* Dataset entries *
==================================================

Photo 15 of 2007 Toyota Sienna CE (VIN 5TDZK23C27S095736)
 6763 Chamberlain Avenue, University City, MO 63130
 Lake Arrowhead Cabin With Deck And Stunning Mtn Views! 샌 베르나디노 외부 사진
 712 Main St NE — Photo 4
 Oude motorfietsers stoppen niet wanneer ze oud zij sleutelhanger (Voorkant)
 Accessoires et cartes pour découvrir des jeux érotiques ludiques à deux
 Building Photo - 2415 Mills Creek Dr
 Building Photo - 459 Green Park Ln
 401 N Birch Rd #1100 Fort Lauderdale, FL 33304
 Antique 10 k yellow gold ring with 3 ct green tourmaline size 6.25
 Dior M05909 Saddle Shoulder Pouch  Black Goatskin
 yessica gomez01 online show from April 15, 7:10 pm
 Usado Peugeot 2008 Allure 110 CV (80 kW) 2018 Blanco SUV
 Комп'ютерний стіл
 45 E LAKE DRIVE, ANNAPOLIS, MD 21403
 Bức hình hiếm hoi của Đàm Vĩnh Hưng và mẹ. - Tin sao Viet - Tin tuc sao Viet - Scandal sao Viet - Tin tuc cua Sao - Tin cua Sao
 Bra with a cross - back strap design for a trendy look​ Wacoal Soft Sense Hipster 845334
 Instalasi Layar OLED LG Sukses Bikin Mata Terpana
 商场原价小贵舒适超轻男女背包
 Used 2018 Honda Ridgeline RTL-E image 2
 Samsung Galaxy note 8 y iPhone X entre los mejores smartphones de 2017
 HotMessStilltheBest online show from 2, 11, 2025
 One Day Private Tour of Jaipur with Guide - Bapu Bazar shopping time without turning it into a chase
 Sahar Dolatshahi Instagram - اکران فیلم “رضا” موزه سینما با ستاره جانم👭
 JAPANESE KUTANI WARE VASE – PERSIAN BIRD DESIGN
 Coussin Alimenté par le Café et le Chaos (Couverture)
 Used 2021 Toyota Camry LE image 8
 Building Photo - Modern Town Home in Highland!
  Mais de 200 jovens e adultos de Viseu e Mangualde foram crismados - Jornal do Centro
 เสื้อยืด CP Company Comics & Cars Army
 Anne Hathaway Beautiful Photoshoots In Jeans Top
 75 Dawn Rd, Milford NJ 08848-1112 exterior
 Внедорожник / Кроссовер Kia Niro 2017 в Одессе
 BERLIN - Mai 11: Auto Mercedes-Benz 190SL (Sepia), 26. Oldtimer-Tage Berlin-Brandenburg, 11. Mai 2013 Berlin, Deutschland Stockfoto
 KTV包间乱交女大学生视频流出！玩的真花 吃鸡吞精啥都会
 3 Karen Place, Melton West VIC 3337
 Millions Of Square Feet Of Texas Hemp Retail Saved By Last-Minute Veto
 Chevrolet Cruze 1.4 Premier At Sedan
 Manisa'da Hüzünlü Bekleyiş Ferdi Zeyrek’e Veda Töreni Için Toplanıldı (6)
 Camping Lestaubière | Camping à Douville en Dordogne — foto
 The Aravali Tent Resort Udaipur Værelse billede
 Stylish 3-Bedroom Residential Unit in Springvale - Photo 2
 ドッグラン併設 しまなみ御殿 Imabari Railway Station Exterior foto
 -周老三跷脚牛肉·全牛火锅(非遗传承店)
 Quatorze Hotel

==================================================

* PROBLEM STATEMENT *
Take from the entries every line that has the string "Used".

* RESPONSE AREA *
 Used 2018 Honda Ridgeline RTL-E image 2
 Used 2021 Toyota Camry LE image 8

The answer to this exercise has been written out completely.